Thursday, September 3, 2020

Why Life Is Absurd

My classes are discussing the view, held by both atheistic and theistic existential philosophers alike, that human existence and the world in which that existence is lived out are both fundamentally absurd.

Both theists and atheists believe, albeit for different reasons (see below), that the world is fundamentally incompatible with many of our deepest yearnings as human beings. Tragically, we are like square pegs trying to fit into a round hole.

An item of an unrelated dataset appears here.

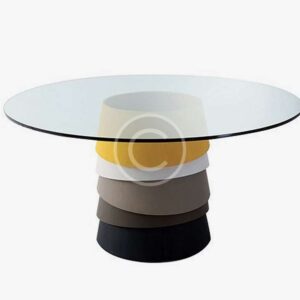 Glass Round Coffee Table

Here are ten examples of this incompatibility:
  1. We long to live, but we know we're going to die.
  2. We desire answers to life's deepest questions, but they often elude us or seem to be unattainable.
  3. We yearn for justice, but many evil men never pay for their deeds and many who suffer in life are never compensated.
  4. We want union with those we love, but we are always alienated, separated at the deepest levels of our being from what and whom we love.
  5. We hope to find meaning and purpose in our lives, but death seems to erase whatever projects and purposes we cultivate. Ultimately, there is no purpose. As Duke University philosopher Alex Rosenberg puts it, "What is the purpose of the universe? There is none. What is the meaning of life? Ditto."
  6. We need to ground morality and human rights in something beyond ourselves, but there is nothing which can support them.
  7. We strive for happiness, but the world is filled with tragedy, grief, suffering, and pain. Individual happiness can only be achieved by ignoring the existential condition of others who are suffering.
  8. We crave peace, but the world is filled with incessant conflict.
  9. We want to be treated with dignity, but the cosmos tells us that we are nothing more than “dust in the wind.” We have no freedom, no dignity, no enduring self.
  10. We have no reason to trust the ability of reason to lead us to truth. What we call reason evolved to enable us to survive, not to enable us to find the truth. Yale professor Steven Pinker writes that, "Our brains were shaped for fitness, not for truth. Sometimes truth is adaptive sometimes not." Or, as philosopher Patricia Churchland tells us, evolution selects for survival, and “Truth, whatever that is, definitely takes the hindmost.”
Theists might not agree with all ten of these, but they'd probably agree with some of them. For the theist the world is incompatible with our deepest yearnings because, she believes, it's not the world for which we were designed and intended.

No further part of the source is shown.